Data excerpts START

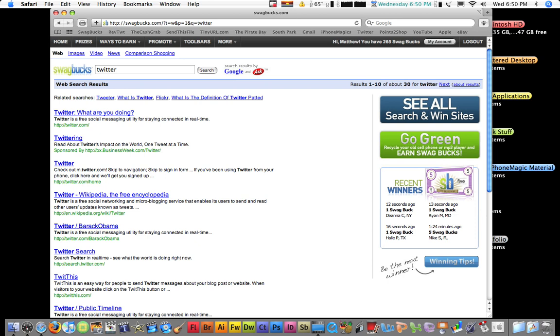As you can see over here, there are people that have won one. See, three people won one, one person won five. I've never won a five. I've only won a one, a two, and a three. I've won a lot. As you can see, I have 265, and that took a while. And you can also follow me on Twitter if you want. And you can see these are search results by Google and Ask, so you know you're getting a good search.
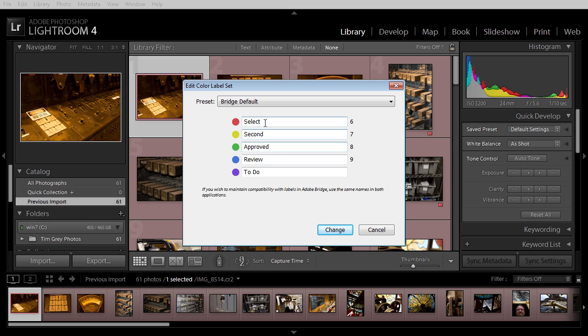As you can see though, by switching to Bridge Default, those red color labels are red once again. So if you've been using Bridge to manage your images, I strongly recommend, before you start assigning color labels in Lightroom, that you change the settings in Lightroom to reflect the bridge defaults for color labels.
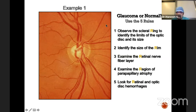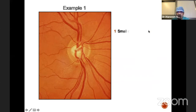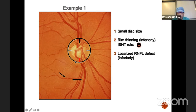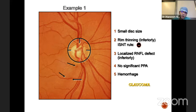Let me share a few clinical examples using the Five R's. First patient: small disc — the first R. You can see rim thinning — the second R. There is an RNFL defect inferiorly — the third R. No parapapillary atrophy, but there is a disc hemorrhage — the fifth R. Multiple signs indicate definite glaucoma, so this is a glaucomatous disc. Second patient: average-sized disc with a healthy neuronal rim, no obvious RNFL thinning, no parapapillary atrophy, and no disc hemorrhage — this is a normal disc.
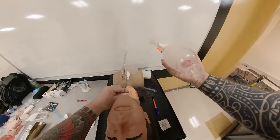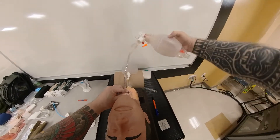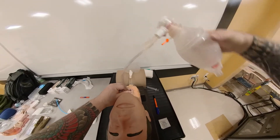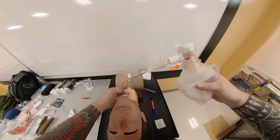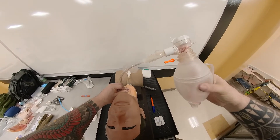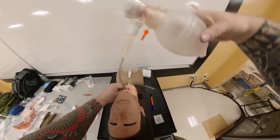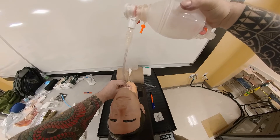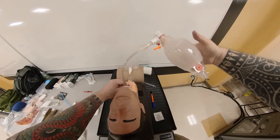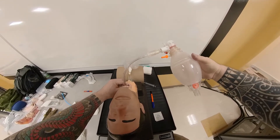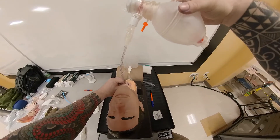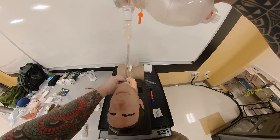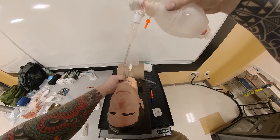BVM goes on, and the end-tidal CO2 detector is already connected. Check for chest rise. What's your value? 35–45 mmHg for end-tidal CO2. Once I'm comfortable that I have lung sounds, positive chest rise, and end-tidal CO2, I'm going to go ahead and secure this tube in place.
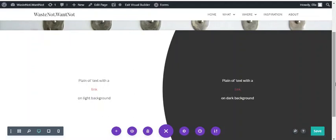There's now a really simple way to change the link styles in your text modules in Divi. We've got an example here: a link on a white background and a link on a dark background, so you can see it at work.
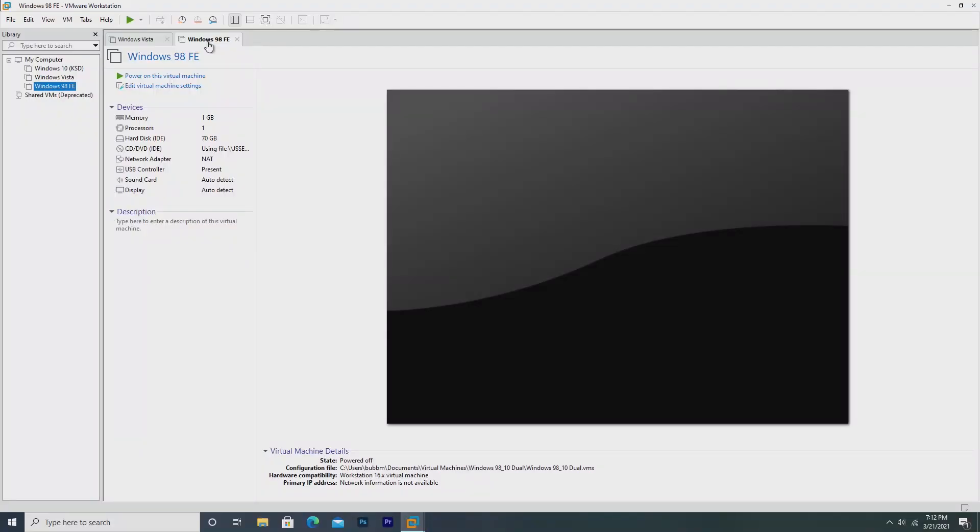Hey guys, it's Bub here, and in this video we're going to be dual booting Windows 98 2nd edition and Windows 10 version 1909.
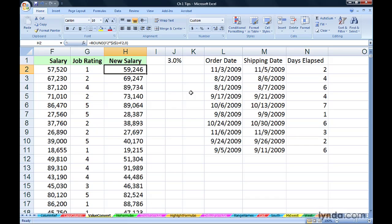You may, on the other hand, want to keep these new salaries here, perhaps relabel the column headings, but there are times when you would be saying, let's not have these formulas here. Let's just keep the results.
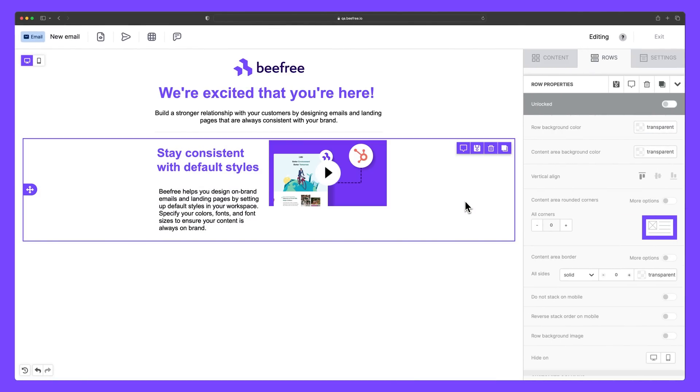That's it for this video. We're excited to see all the great things you'll create with BeFree. Happy designing.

Data excerpts END

--- Work task ---
Starting with the line that contains "You may, on", give the lines again exactly as they appear through the last line of the data, pictures excluded.

--- Written solution ---
You may, on the other hand, want to keep these new salaries here, perhaps relabel the column headings, but there are times when you would be saying, let's not have these formulas here. Let's just keep the results.
That's it for this video. We're excited to see all the great things you'll create with BeFree. Happy designing.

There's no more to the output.